- **Given information**
^^^^^^^^

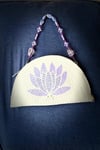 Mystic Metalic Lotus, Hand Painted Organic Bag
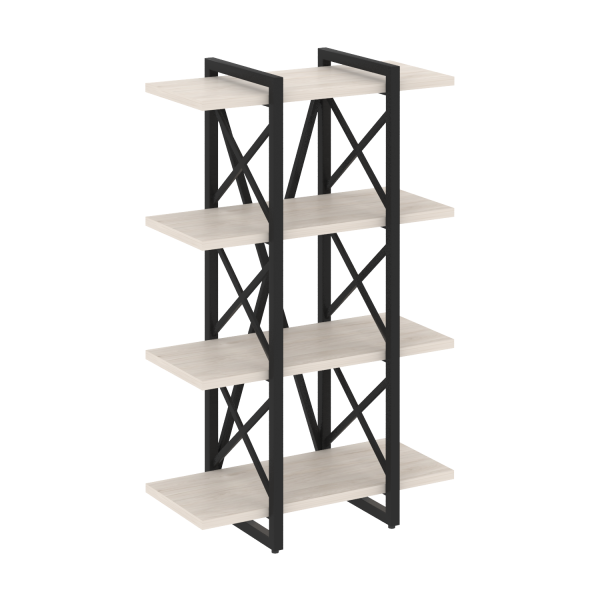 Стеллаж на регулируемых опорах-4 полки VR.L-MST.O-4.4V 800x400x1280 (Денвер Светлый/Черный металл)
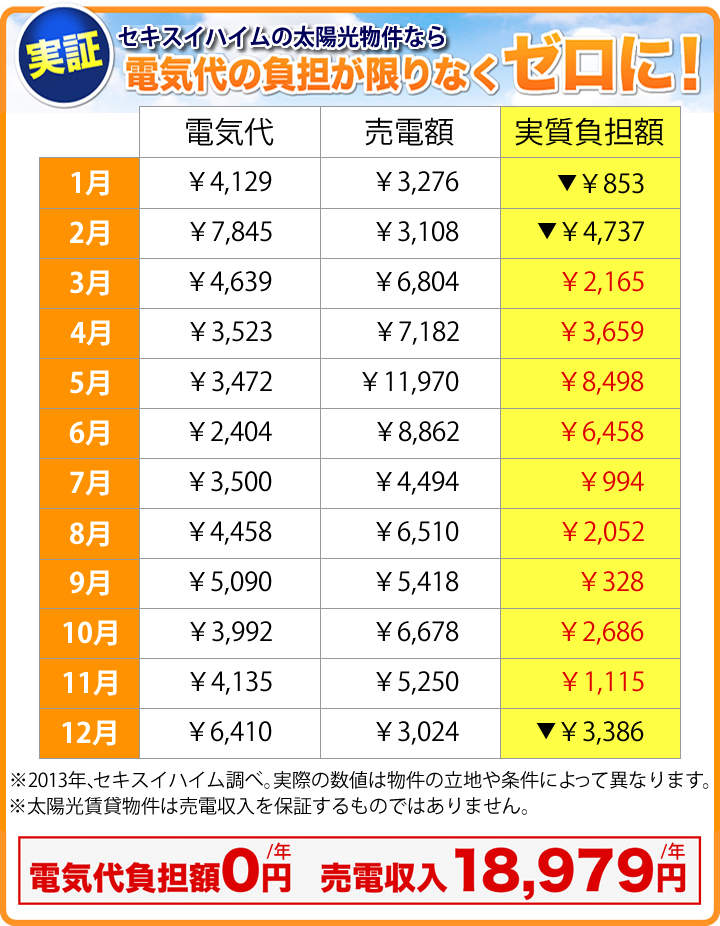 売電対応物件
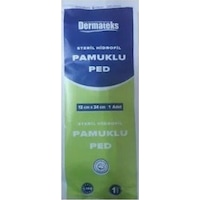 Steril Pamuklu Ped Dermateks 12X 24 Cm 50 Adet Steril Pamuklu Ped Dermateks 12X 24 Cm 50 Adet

^^^^^^^^

- **Exercise description**
Retype the data shown above exactly, excluding any picture it contains.

- **Reply to the task**
 Mystic Metalic Lotus, Hand Painted Organic Bag
 Стеллаж на регулируемых опорах-4 полки VR.L-MST.O-4.4V 800x400x1280 (Денвер Светлый/Черный металл)
 売電対応物件
 Steril Pamuklu Ped Dermateks 12X 24 Cm 50 Adet Steril Pamuklu Ped Dermateks 12X 24 Cm 50 Adet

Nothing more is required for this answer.